3月3日(土)と4日(日)堺町画廊でみんなのカフェを開催しました。
初日は温かい飲み物と食べ物でほっこりしながら、この一年の話しを聞いて頂こうと、クルミとあんころ餅セット、おにぎりセット、みそ汁、おせんべい、そして温かい飲み物も用意して皆様をお迎えしました。カフェには50名近くの方々が集まり、私と、宮城から京都に移住したスタッフのお話と、福島市渡利から自主避難しているお母さんが、1年を振り返りそれぞれの思いを語りました。まず、私が震災後の様子や避難の経緯、その後の福島の家のこと、状況等について話しました。次は渡利でSave Watari Kidsのメンバーで渡利の線量を量っていたおかあさんが、住んでいた時の渡利の状況そして今の福島市の状況を話してくれました。みんなの手が募金活動をしている渡利地区の方の生の声を京都の方に届けられ本当に良かったです。その後は、宮城から移住されたスタッフが震災直後の宮城県沿岸部の様子、避難のこと、そして、ずっとこれからも私たちがメッセンジャーとして思いを伝えていく必要があることなどを話しました。参加された方々は皆私たちのお話を真剣に聞いて下さっていました。その後は、参加者の方々との意見交換。「本当のことを知り、ちゃんと伝えていこう!」「自分のできることをやればいい」「草の根の運動が大切」「つながることで強い力になる」という意見がでて、これからもみなさんとつながりながら歩んでいくことを心に誓いました。。。

4日は福島県田村市在住でNPO法人ケアステーションゆうとぴあの理事長の鈴木絹江さんがみんなのカフェに参加されました。まず、20名程の参加者が全員自己紹介しました。京都から参加して下さった方は震災後自らが行っている活動内容や思いなど、宮城県で被災された方からは、津波で流されたこと、電気ガスが不通になった中で不自由を感じなかったエコライフスタイルを送っていた等のエピソードを話して下さいました。その後、鈴木さんが自らのお話をされました。身体障害者でありながら、ライブハウスを経営されていたり、インドに旅行されていたり、何より素敵なご主人と結婚して農家をされていたこと、そして、震災後、事業所を締めて避難を決断されたこと、障害者の方の震災のエピソードなど。明るく冗談を混じりながら語られるそのお話の中には、「五体満足でも不幸な人はいる。

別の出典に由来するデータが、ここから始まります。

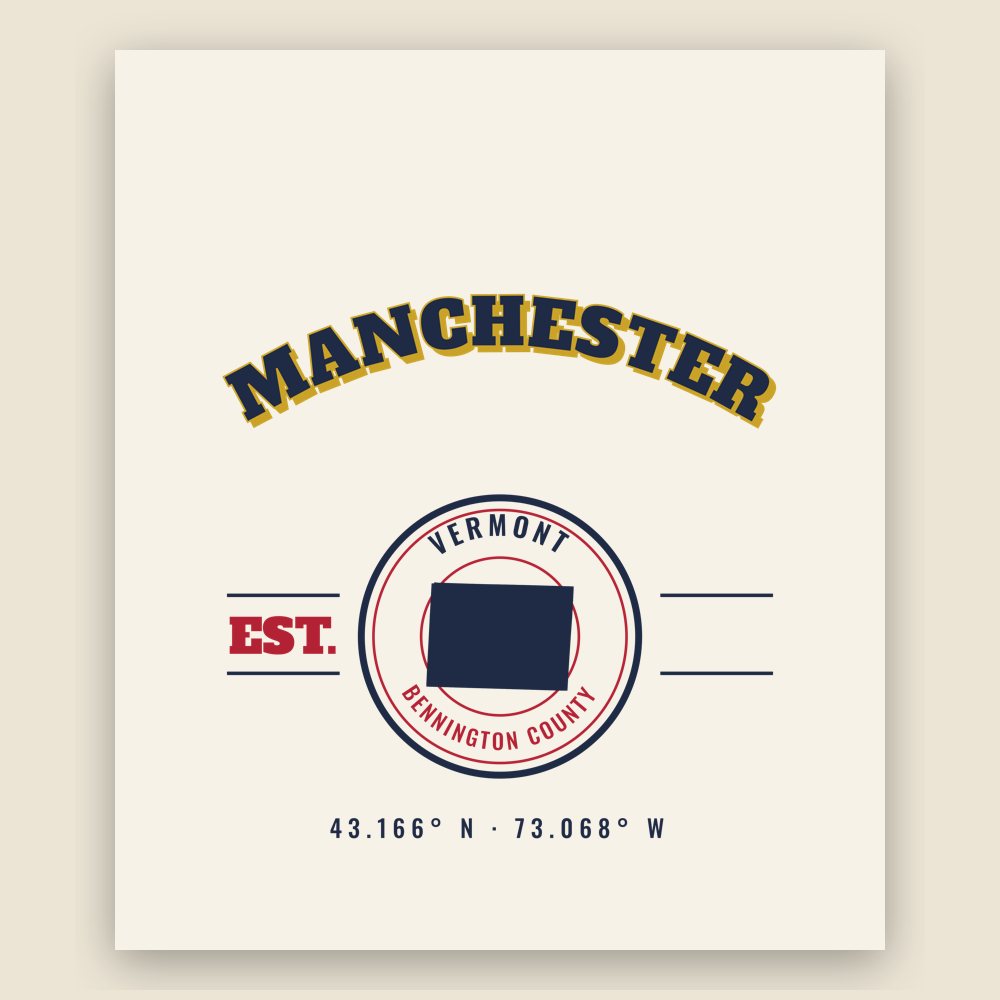 Manchester Market Tote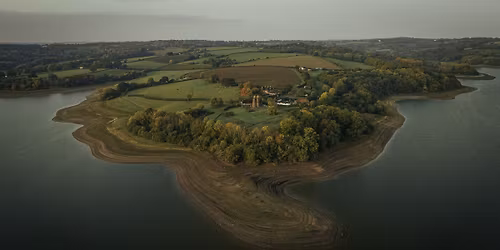 Bewl Water Running Events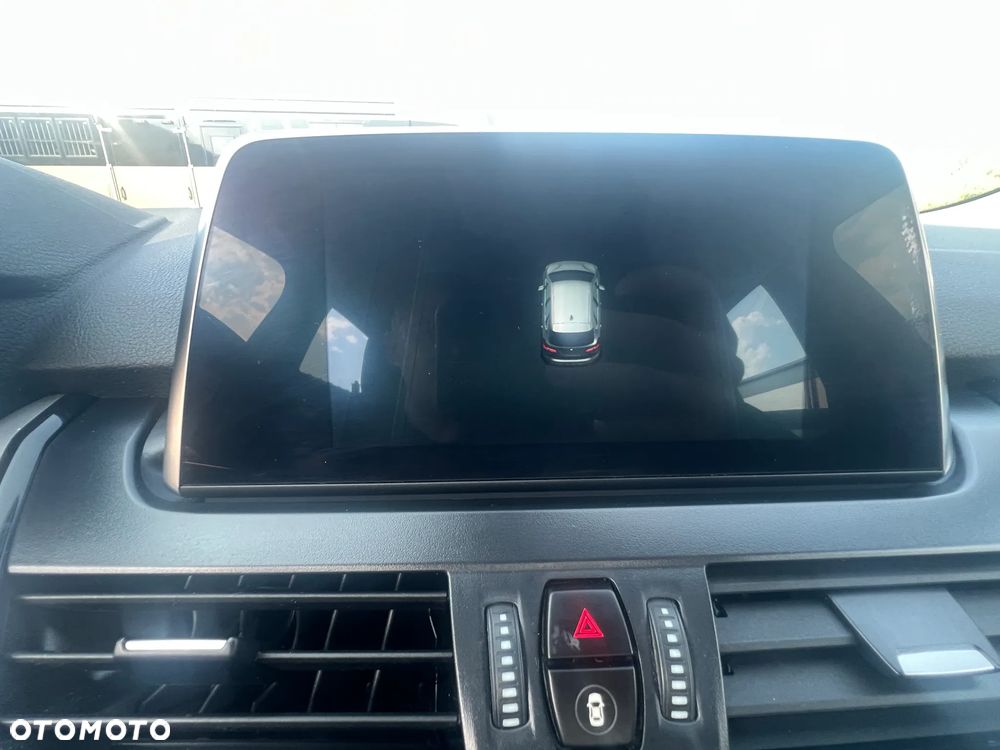 BMW Seria 2 216d Advantage - 33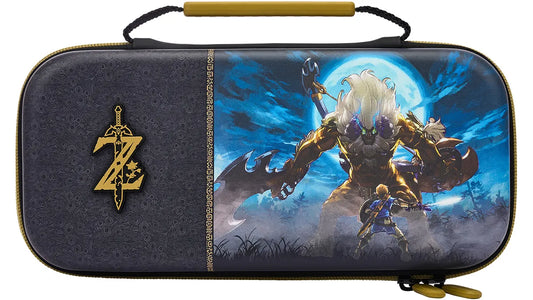 Protection Case - Link™ vs. Lynel
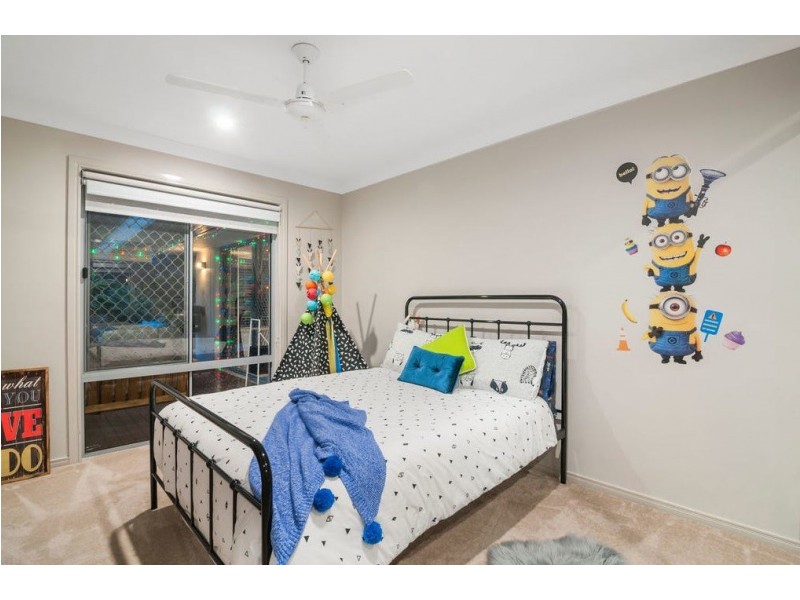 10 Rivercherry Way, Upper Coomera QLD 4209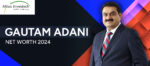 gautam adani net worth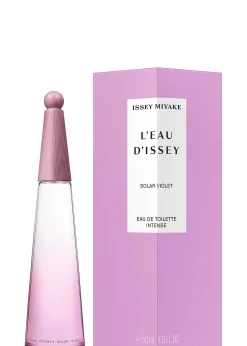 ISSEY MIYAKE Fragrances|L'Eau D'Issey Solar Violet Eau De Toilette Intense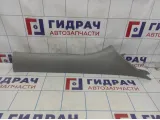 Обшивка стойки передняя правая Hyundai Tucson (JM) 85820-2E200GF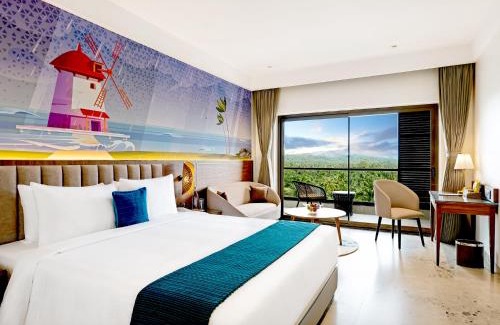 Patnem Hotel | Gateway Goa, Palolem
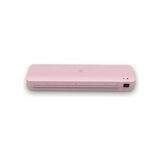 Kraf A3 Laminasyon Makinesi Lm 1015 Pembe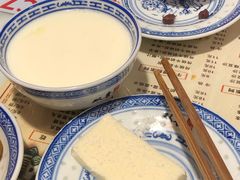 姜汁撞奶-双喜老铺(人民广场店)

障害を持っていてもとても幸せな人はいる」「全国どこに行っても避難した人が頑張っていてそれを応援しる人がいて嬉しい。京都の人もそう。だからそれだけで十分。みんなちゃんとやってくれているから。ありがとう」など、とても深いメッセージがありとても感動するお話でした。

たくさんの人が2011年3月11日同じ空の下被災しました。そしてその中で京都を選んで避難した私たちとまだ東北に残っている人たち。それぞれの体験はちがうけれど、本当はとっても傷ついて、それを感じながらまたは感じることもできないまま1年がすぎようとしているのかもしれません。私たちの体験と思いを京都の人はどう受け止めたのでしょう。私たちの発したメッセージが参加してくださった方々の心に響き、共鳴する人の輪が広がればと思います。今も復興が見えない中で不安に思う人、そして見えない放射能の恐怖に怯えて暮らしている人が故郷にいることを忘れてほしくないと思います。私たちが互いの思いを分かち合うあい「寄り添うこと」それが何より今大切なのかも知れません。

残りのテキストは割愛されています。